Caption-style text data:
/---

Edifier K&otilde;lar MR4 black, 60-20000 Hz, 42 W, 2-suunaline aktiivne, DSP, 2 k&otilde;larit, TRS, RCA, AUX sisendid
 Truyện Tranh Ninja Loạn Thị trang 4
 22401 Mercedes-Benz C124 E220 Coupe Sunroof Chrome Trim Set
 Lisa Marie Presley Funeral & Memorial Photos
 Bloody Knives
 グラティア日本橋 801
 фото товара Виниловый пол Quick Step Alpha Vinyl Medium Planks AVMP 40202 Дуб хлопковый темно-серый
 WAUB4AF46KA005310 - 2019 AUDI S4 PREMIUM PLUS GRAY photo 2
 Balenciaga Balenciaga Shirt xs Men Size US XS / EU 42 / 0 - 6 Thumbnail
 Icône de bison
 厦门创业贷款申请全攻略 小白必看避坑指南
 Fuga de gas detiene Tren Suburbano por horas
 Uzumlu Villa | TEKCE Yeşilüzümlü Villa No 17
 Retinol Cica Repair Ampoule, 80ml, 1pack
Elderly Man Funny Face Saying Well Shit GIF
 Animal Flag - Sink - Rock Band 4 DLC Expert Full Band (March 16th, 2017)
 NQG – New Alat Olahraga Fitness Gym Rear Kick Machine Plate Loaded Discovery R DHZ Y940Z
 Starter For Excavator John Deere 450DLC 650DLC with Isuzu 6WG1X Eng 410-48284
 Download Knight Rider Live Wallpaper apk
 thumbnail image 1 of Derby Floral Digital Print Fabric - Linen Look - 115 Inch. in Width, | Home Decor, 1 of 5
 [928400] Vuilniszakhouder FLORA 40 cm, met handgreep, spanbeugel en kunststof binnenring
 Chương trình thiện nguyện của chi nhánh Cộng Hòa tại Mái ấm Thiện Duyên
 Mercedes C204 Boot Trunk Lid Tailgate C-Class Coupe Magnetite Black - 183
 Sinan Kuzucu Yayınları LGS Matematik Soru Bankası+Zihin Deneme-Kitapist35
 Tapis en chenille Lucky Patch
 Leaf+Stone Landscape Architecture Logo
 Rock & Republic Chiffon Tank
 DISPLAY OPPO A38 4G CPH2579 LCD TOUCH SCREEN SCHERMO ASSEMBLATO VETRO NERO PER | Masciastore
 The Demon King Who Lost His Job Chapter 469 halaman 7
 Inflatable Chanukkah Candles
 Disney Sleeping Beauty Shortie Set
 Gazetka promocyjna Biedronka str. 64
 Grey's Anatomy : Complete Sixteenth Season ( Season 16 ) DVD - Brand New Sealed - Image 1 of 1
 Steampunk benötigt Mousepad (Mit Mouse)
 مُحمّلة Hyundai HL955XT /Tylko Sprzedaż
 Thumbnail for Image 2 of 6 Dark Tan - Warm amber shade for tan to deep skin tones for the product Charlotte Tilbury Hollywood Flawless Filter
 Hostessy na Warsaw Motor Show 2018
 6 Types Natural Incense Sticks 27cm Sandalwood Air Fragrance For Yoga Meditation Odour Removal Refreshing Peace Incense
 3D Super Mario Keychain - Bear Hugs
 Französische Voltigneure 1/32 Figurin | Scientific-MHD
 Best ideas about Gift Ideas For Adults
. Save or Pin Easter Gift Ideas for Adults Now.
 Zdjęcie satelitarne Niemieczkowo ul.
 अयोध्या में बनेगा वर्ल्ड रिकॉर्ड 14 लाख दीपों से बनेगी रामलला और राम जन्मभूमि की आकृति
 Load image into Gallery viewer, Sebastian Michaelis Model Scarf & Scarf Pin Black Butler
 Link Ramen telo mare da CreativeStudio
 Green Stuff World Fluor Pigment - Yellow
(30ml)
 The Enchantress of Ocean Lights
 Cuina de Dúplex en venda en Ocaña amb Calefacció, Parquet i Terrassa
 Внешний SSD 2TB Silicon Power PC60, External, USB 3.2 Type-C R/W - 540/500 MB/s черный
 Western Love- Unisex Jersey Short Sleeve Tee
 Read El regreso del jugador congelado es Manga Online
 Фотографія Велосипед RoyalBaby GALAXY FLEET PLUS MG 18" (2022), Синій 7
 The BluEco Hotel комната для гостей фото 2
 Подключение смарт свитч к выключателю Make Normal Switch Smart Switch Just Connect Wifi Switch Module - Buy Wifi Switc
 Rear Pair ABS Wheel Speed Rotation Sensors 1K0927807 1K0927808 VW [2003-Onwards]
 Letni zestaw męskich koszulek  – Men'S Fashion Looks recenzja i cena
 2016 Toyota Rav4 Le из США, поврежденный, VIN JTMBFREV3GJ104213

\---

WORK REQUEST:
Starting with the first line above and ending with the line that holds "NQG – New Alat", restate each line word for word and add nothing else.

OUTPUT OF THE EXERCISE:
Edifier K&otilde;lar MR4 black, 60-20000 Hz, 42 W, 2-suunaline aktiivne, DSP, 2 k&otilde;larit, TRS, RCA, AUX sisendid
 Truyện Tranh Ninja Loạn Thị trang 4
 22401 Mercedes-Benz C124 E220 Coupe Sunroof Chrome Trim Set
 Lisa Marie Presley Funeral & Memorial Photos
 Bloody Knives
 グラティア日本橋 801
 фото товара Виниловый пол Quick Step Alpha Vinyl Medium Planks AVMP 40202 Дуб хлопковый темно-серый
 WAUB4AF46KA005310 - 2019 AUDI S4 PREMIUM PLUS GRAY photo 2
 Balenciaga Balenciaga Shirt xs Men Size US XS / EU 42 / 0 - 6 Thumbnail
 Icône de bison
 厦门创业贷款申请全攻略 小白必看避坑指南
 Fuga de gas detiene Tren Suburbano por horas
 Uzumlu Villa | TEKCE Yeşilüzümlü Villa No 17
 Retinol Cica Repair Ampoule, 80ml, 1pack
Elderly Man Funny Face Saying Well Shit GIF
 Animal Flag - Sink - Rock Band 4 DLC Expert Full Band (March 16th, 2017)
 NQG – New Alat Olahraga Fitness Gym Rear Kick Machine Plate Loaded Discovery R DHZ Y940Z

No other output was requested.